Le président du Honduras, Nasry Asfura, a réitéré cette semaine que son administration maintiendrait des relations étroites avec les États-Unis et d'autres alliés internationaux dans le cadre d'une stratégie visant à attirer les investissements étrangers et à créer des emplois dans le pays.
Ces déclarations ont été faites lors de sa participation à la Conférence mondiale 2026 du Milken Institute, qui s'est tenue à Beverly Hills, en Californie, où le président a participé au panel « Construire une prospérité partagée », axé sur la croissance économique et la coopération régionale.
Lors de son discours, Asfura a soutenu que le Honduras devait clairement identifier ses principaux alliés stratégiques et renforcer les liens qui lui permettent de promouvoir le développement économique et social du pays.
« Nous devons savoir qui sont nos partenaires et qui est le meilleur pour notre pays. » » a exprimé le président hondurien en faisant référence à l'importance de maintenir des relations étroites avec les États-Unis.

Le président a également rappelé que des millions de Honduriens résident à l'étranger, notamment sur le territoire des États-Unis, ce qui fait de la relation bilatérale un élément clé non seulement en matière économique, mais aussi en matière sociale et d'immigration.
Asfura a assuré que son administration s'efforçait de créer des conditions favorables pour attirer les capitaux étrangers grâce à des règles claires, une stabilité institutionnelle et une transparence dans la gestion publique.
Comme il l'a expliqué, le Honduras doit regagner la confiance des investisseurs nationaux et internationaux pour accroître les opportunités d'emploi et dynamiser les secteurs stratégiques de l'économie.
En parallèle, le président a également souligné les avancées promues par son gouvernement pour promouvoir les projets d'infrastructures, de santé, d'éducation et de modernisation institutionnelle.

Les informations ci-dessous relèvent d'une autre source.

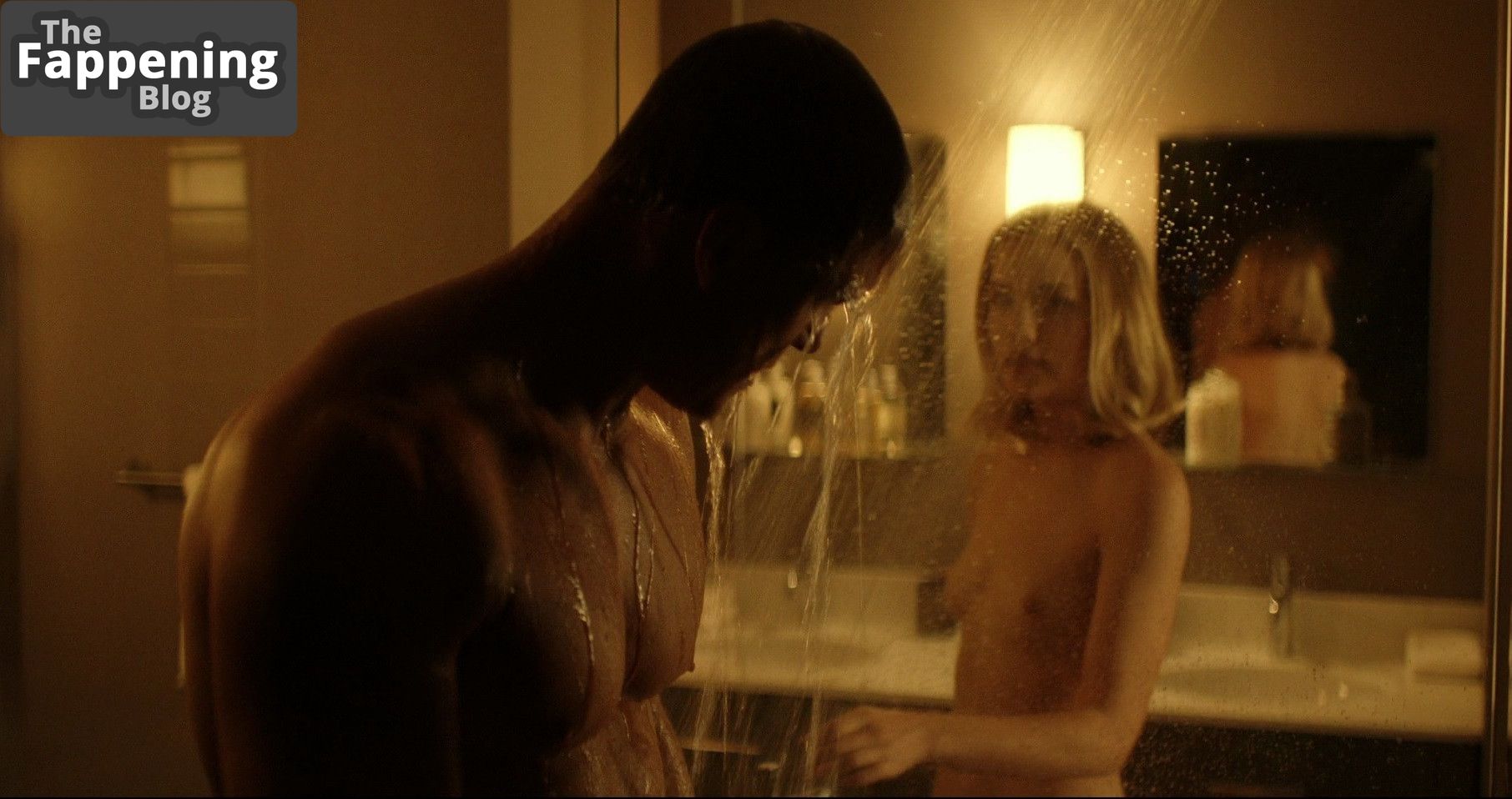 Willa Fitzgerald Nude &amp; Sexy – Reacher (6 Pics)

Dans une autre intervention diffusée par les médias d'État, Asfura a souligné qu'attirer les investissements est l'un des principaux outils pour lutter contre le chômage et réduire la migration irrégulière.
Le président a déclaré que son administration cherchait à consolider un environnement compétitif qui facilite l'arrivée de nouvelles entreprises et à élargir la présence des industries déjà établies dans le pays.
« Sans investissement, il n'y a pas d'emploi », a réitéré le président en insistant sur la nécessité de générer la sécurité juridique et la stabilité politique pour renforcer l'économie nationale.
La position du gouvernement intervient alors que le Honduras est confronté à des défis liés à l'inflation, au chômage et au ralentissement économique, facteurs qui ont directement touché des milliers de familles honduriennes.
Divers secteurs économiques ont souligné à plusieurs reprises que la stabilité politique et la sécurité juridique sont des éléments fondamentaux pour stimuler de nouveaux projets d'investissement.
Par ailleurs, les analystes considèrent que le discours du gouvernement actuel marque une ligne économique davantage axée sur l'ouverture aux partenaires internationaux et le renforcement du secteur privé.

L'administration Asfura a également promu des messages visant à réorganiser l'appareil d'État et à réduire les dépenses publiques, arguant que ces ajustements amélioreraient l'efficacité financière du pays.
Ces dernières semaines, l'Exécutif a promu des décisions liées à la restructuration institutionnelle et à la révision des engagements financiers de l'État dans le cadre de cette stratégie d'assainissement administratif.
Au cours de sa participation internationale, le président hondurien a également rencontré des hommes d'affaires et des représentants d'organisations multilatérales intéressés par des projets d'investissement en Amérique centrale.
Le gouvernement espère que ces efforts permettront de renforcer les domaines liés aux infrastructures routières, à l'énergie, au tourisme et à la création d'emplois dans différentes régions du pays.
Après avoir terminé son programme aux États-Unis, Asfura a annoncé qu'il se rendrait ensuite au Costa Rica pour participer aux activités officielles liées à l'investiture de la présidente Laura Fernández.